Dispersion & Reactive Flow in Porous Media — Lesson 3

This lesson covers the concept of dispersion in porous media, focusing on the process of miscible displacement. It explains how the flow occurs in porous media, leading to the mixing of solute or tracer. The lesson also discusses the step change in concentration and how it affects the concentration profile at the outlet. It further elaborates on the characterization of porous media based on the mixing process. The lesson introduces the concepts of dispersion coefficient, Peclet number, and dimensionless time. It also discusses the effect of stagnant zones and fractures on the flow and mixing in porous media.
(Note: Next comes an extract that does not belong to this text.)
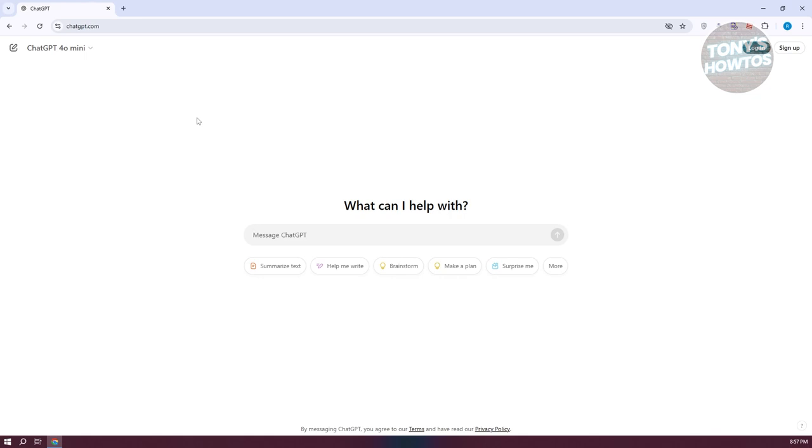So in this case, since we want to correct, or check and correct grammar, what we need to do is we need to indicate that. So in this case, check and correct grammar on the following.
The lesson concludes with the governing equation for reactive flow in porous media, taking into account accumulation, diffusion, convection, and reaction.

Video Highlights

00:25 - Discussion on miscible displacement and dispersion of solute in porous media
04:20 - Introduction to dispersion coefficient, Peclet number, and dimensionless time
11:46 - Discussion on the effect of stagnant zones and fractures on flow and mixing
20:30 - Explanation of the governing equation for reactive flow in porous media

Key Takeaways

- The flow in porous media leads to the mixing of solute or tracer, which can be characterized by observing the concentration profile at the outlet.
- The dispersion coefficient, Peclet number, and dimensionless time are key parameters in understanding the dispersion process in porous media.
- Stagnant zones and fractures can significantly affect the flow and mixing in porous media.
- The governing equation for reactive flow in porous media takes into account accumulation, diffusion, convection, and reaction.